“Me lo encontré una sola vez; lo vi muchas veces”, dijo Lucien Freud respecto de su relación de amistad con Francis Bacon. La primera vez, entonces, que se vieron fue en 1945 en la casa de campo de Graham Sutherland, el artista que Churchill amaba odiar. Allí nació el encuentro que los mantuvo amigos, tanto como para ser retratados el uno por el otro. Cosa que no es menor, teniendo en cuenta lo que esta tarea significó para ambos. Hasta que en los años 60 pasaron a ser feroces rivales. Treinta y seis años tenía Bacon cuando conoció a Freud, que solo contaba con veintitrés. Los dos vivían en Londres, pero el destructor serial de cuadros propios había nacido en Dublín, aunque de padre y madre británicos, y el nieto de Sigmund había nacido en 1922 en Berlín. Los avatares de la guerra hicieron que su familia se mudara a esa ciudad, en la que vivió hasta el 20 de julio de 2011.

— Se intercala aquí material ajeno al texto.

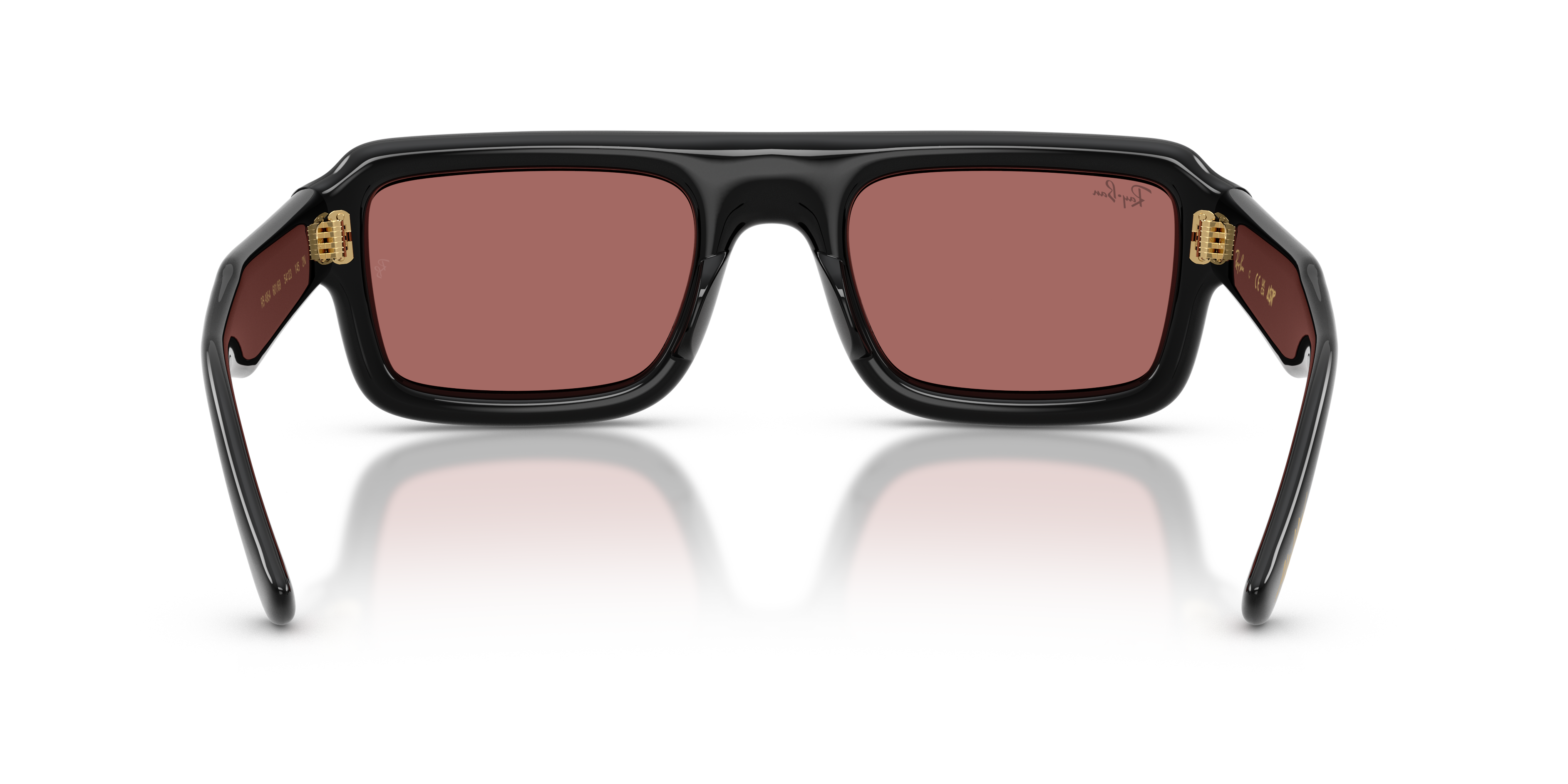 RAY-BAN RB4954 601/69 54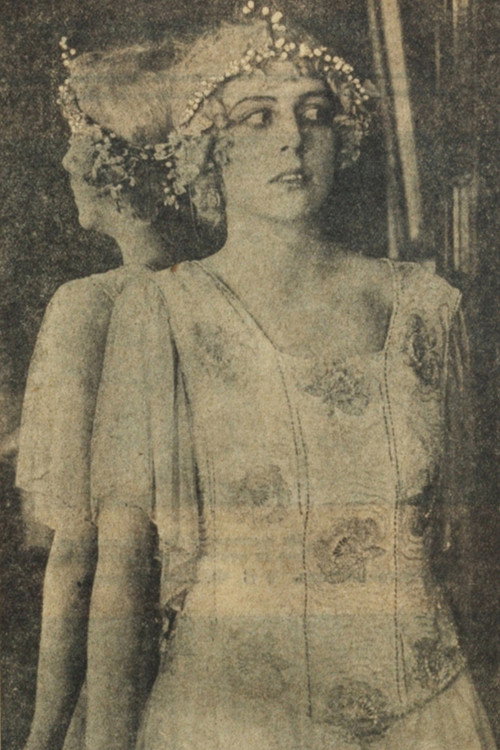 The Gentry's Ball Poster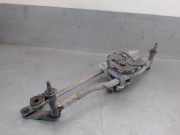 Scheibenwischermotor Vorne 8P1955119E Audi S3 (8P1) Schrägheck 3-drs 2.0 T FSI 16V (BHZ)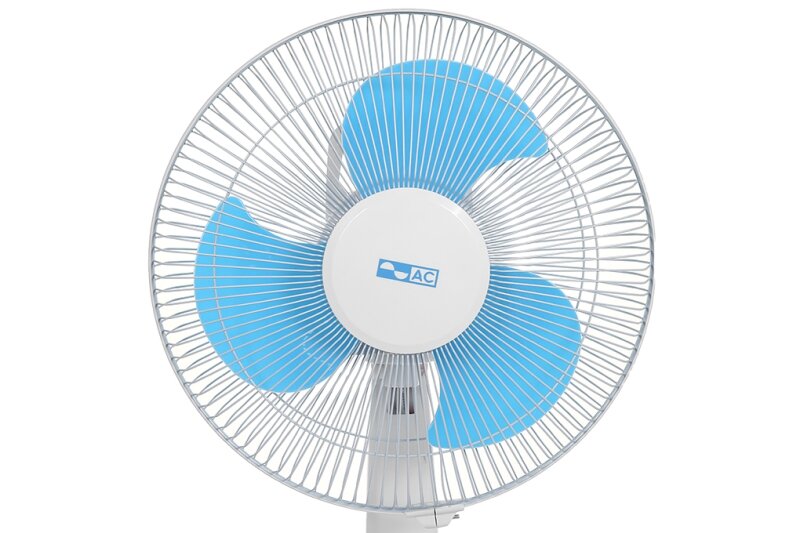 Quạt sạc điện AC ARF03D123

Ese encuentro fue prolífero no solo a nivel artístico: fueron compañeros de vicios, inquietudes intelectuales compartidas, noches de parrandas. Las mismas razones que, quizá, hayan sido las que los separaron. Dicen las malas lenguas que la adicción al juego de Freud fue una posible causa que esgrimió Bacon, al tiempo que el alcoholismo del controvertido artista era poco tolerado por el joven Freud. Lo más probable es que se hayan cansado el uno del otro, como de ellos mismos.
El que llamó primero fue Bacon y en 1951 lo invitó a su taller. Raro para un artista como él, que prefería las fotografías a los modelos vivos, sobre todo si era para pintarlos. Extraña y genial es la pintura que hace de su amigo. Esa distorsión de los trazos que moldea como si fueran plastilina, a fuerza de desfigurarle la cara, al tiempo que superpone los rasgos del pintor de Naked Portrait (de Kate Moss) a los de Frank Kafka. Eso es lo que el mismo Lucien Freud descubrió, cuando vio en qué se había transformado su imagen. Volvió al día siguiente al estudio de Bacon y había una foto del autor de El proceso, donde debería haber estado su cara.